*What to do*.
Restate exactly the lines of the entries below, beginning with the first and ending with the line that holds "Fustella Season Greetings Framelits". Pictures are not copied.

Crawled caption data
::::

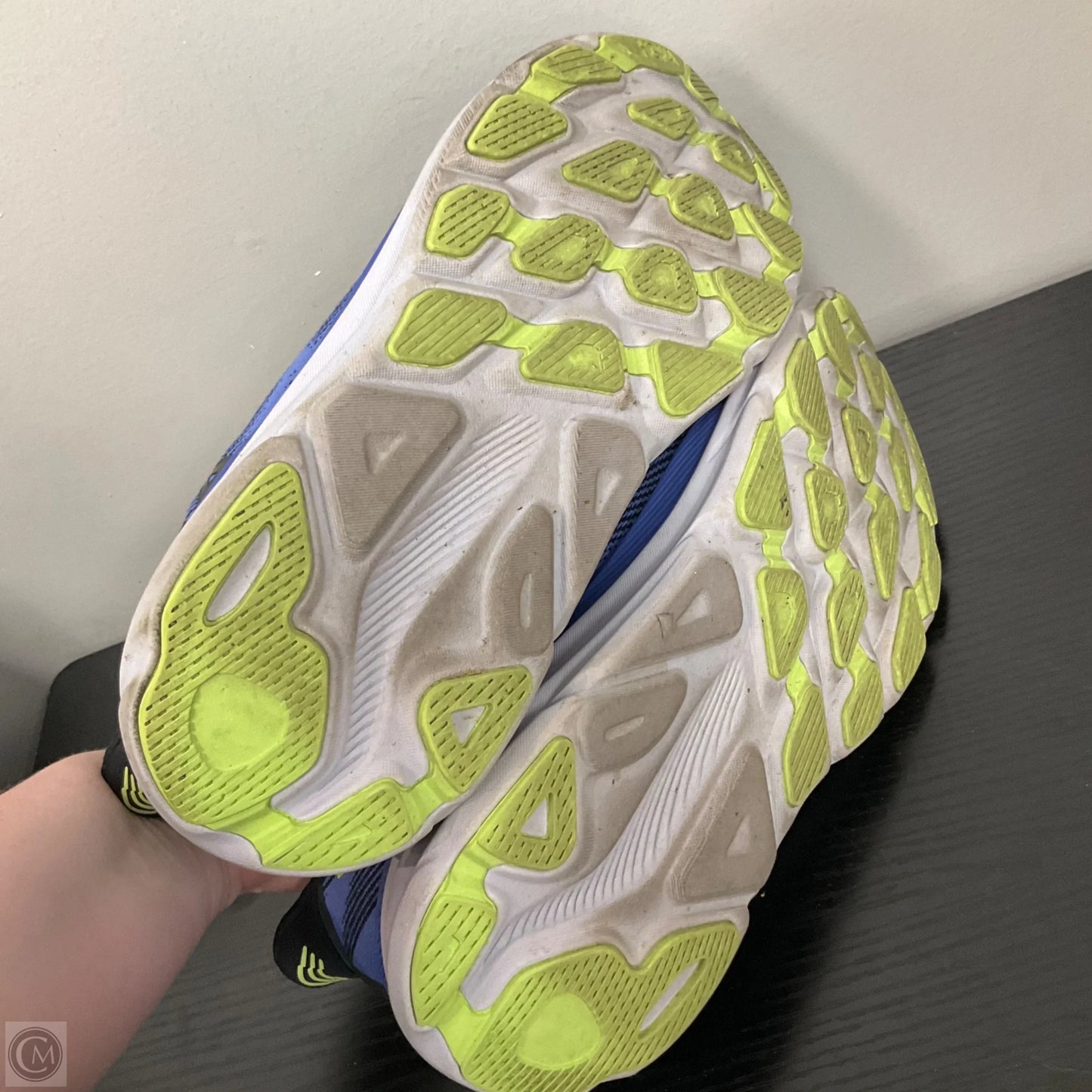 Shoes Athletic By Hoka In Blue, Size: 10.5
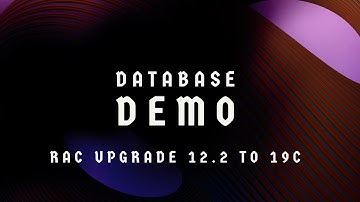 RAC Upgrade -12.2 -TO- 19C Using Autoupgrade Tool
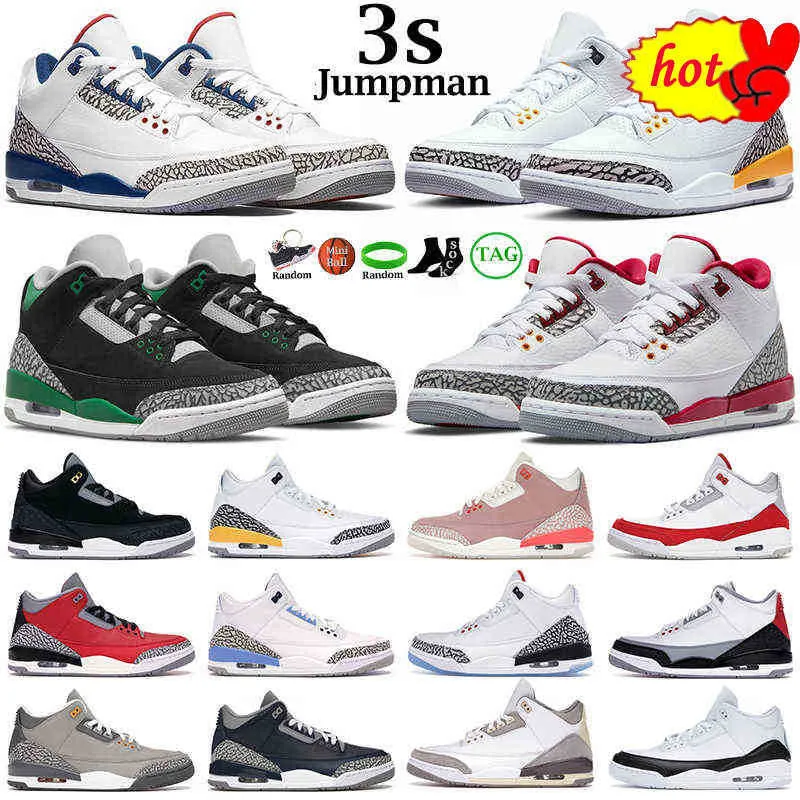 2023 OG TOP Clearance Basketball Shoes Jumpman 3 In Pine Green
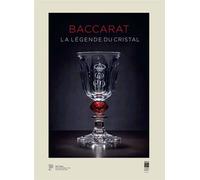 Baccarat - la legende du cristal - Lerch michaela / morel dominique - Paris-Musees - relié - Catalogue d'exposition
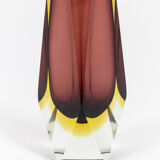 Flavio Poli for Luigi Mandruzzato, Sommerso Vase, 1950s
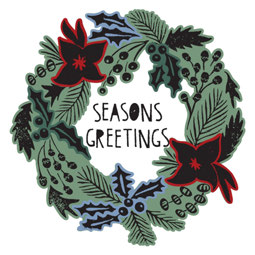 Fustella Season Greetings Framelits
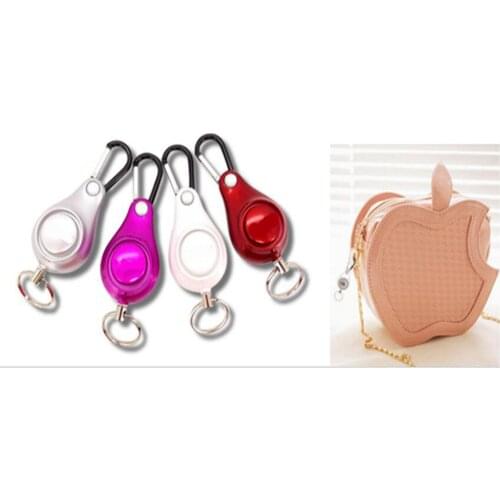 Security Fashion womens mini personal alarm self-defense anti-wolf alarm small gourd shape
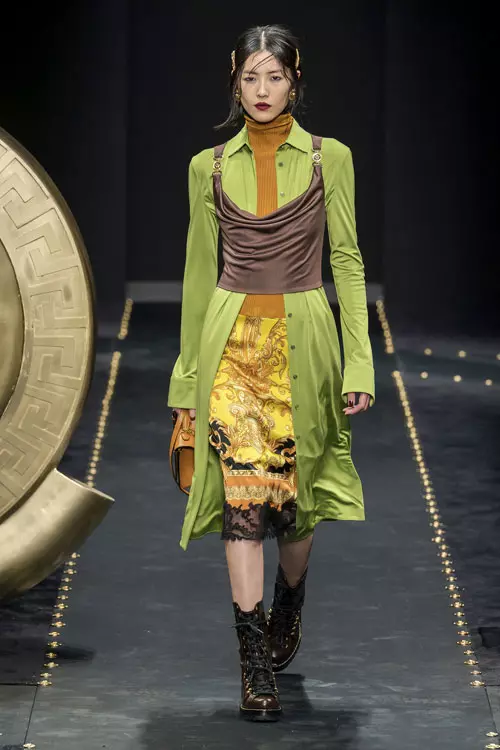 Versace colecția toamnă-iarnă 2019-2020 (8)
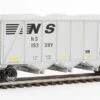 Walthers Proto 920-106025 HO Scale 40' Ortner 100 Ton Aggregate Hopper Norfolk Southern NS 153389 -Bachmann Store wathers proto 920 106025 ho scale 40 ortner 100 ton aggregate hopper norfolk southern ns 153389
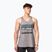 Férfi thermo trikó NEBBIA Washed-Off Stringer Max Out light grey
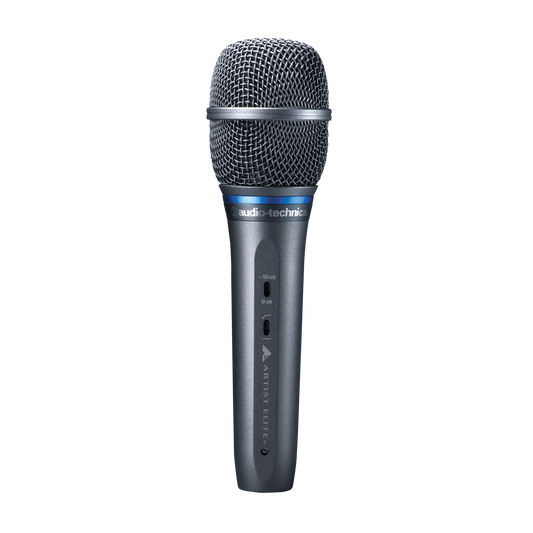 Audio-Technica AE5400 Cardioid Condenser Handheld Microphone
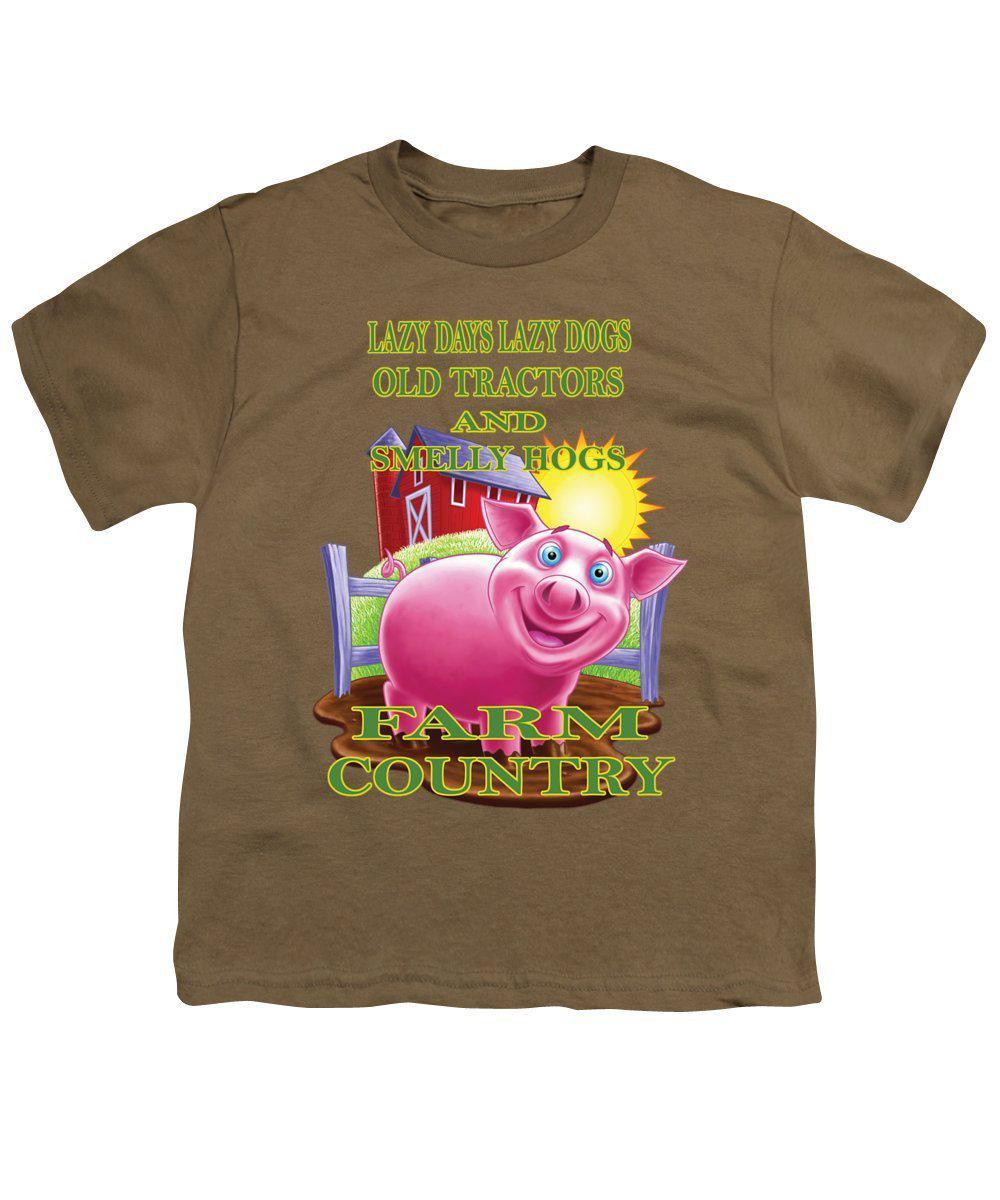 Farm Country - Youth T-Shirt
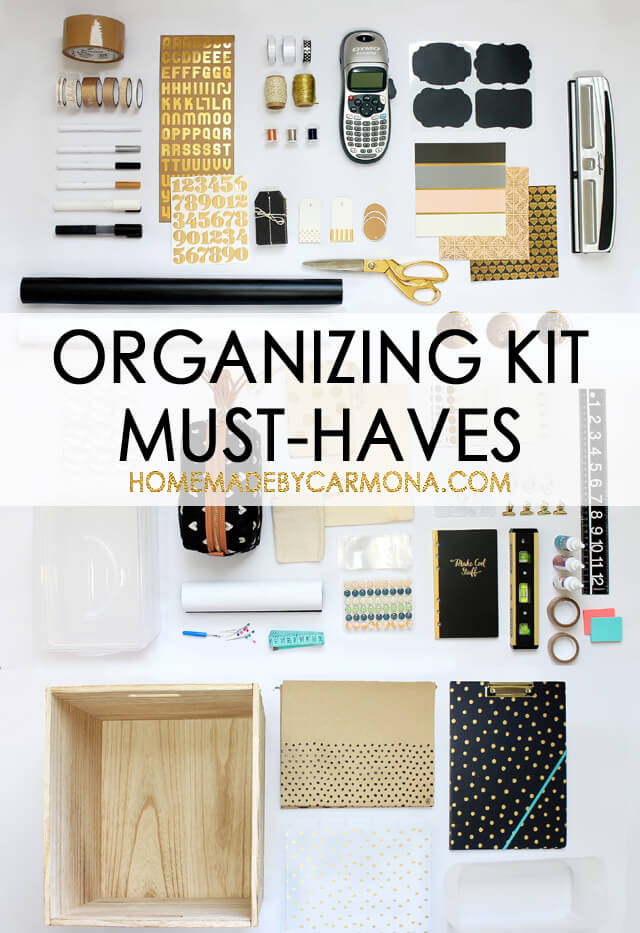Organizing Kit Must-Haves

::::

*Task output*.
 Shoes Athletic By Hoka In Blue, Size: 10.5
 RAC Upgrade -12.2 -TO- 19C Using Autoupgrade Tool
 2023 OG TOP Clearance Basketball Shoes Jumpman 3 In Pine Green
 Baccarat - la legende du cristal - Lerch michaela / morel dominique - Paris-Musees - relié - Catalogue d'exposition
 Flavio Poli for Luigi Mandruzzato, Sommerso Vase, 1950s
 Fustella Season Greetings Framelits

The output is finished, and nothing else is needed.